Lady Pomeroy-Nielson was a stoutish, motherly person who looked after the boys and made them change their shoes when they got wet. She was kind, and told Lanny that she would take the poor child a basket of food. "But I fear it won't do much good," she added, "unless I stay and see it eaten. That Higgs is a rough fellow, and he'll take anything he can get his hands on and sell it for a drink."

Rick discussed with his guest the problem of poverty in England's green and pleasant land. He declared that when human beings got below a certain level, it was very difficult to help them; drink and drugs took the place of food and they finished themselves off. Lanny said his father had explained that to him, but he had thought it applied only to city slums; it had never occurred to him that there might be slums in the country. Rick said there could be little difference between country and city; if there was an over-supply of labor in one it shifted immediately to the other. In the hop-picking season, hundreds of thousands of people from London's East End spread out over the country looking for work, and if they found conditions a bit better on the land, some of them would stay.

It was an insoluble problem - as Rick, and Rick's father, and Lanny's father agreed; but all the same Lanny couldn't forget the feel of the pitiful thin body that he had lifted, the waxen skin, and the frantic look in the girl's eyes when food was held out to her.

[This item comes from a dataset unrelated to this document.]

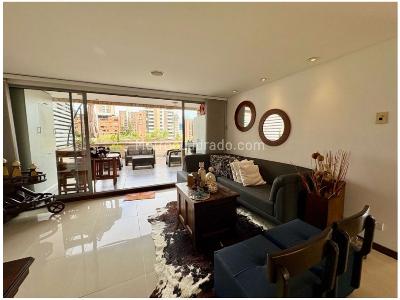 Apartamento de 3 alcobas en venta en El Poblado, Medellín, 174 m² · foto 3 de 15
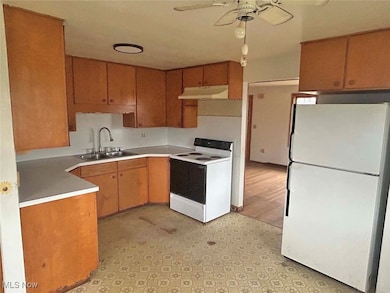 109 1/2 Roosevelt St, Minerva, OH 44657 - photo 5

Nor could he drive from his mind the impolite thought that, if he were an English landed gentleman, he would have his lovely green lawn a trifle less perfectly manicured, and spend the money on keeping the roofs of his cottages in repair.

VII

There had come a cablegram from Robbie; he was sailing from New York on the Lusitania, and would be at the Hotel Cecil on a certain day. Of course a summons from Robbie took precedence over all other affairs. Lanny went to town the night before, and telephoned the steamship office to find out at what hour the steamer was due. The boy was sitting in the lobby, reading a book, but looking up every few minutes, and when the familiar sturdy figure appeared in the doorway, he sprang up to welcome his father. It was a hot July morning, and perspiration glistened on Robbie's forehead, but he looked well and vigorous as always, and everything he wore was fresh and spotless.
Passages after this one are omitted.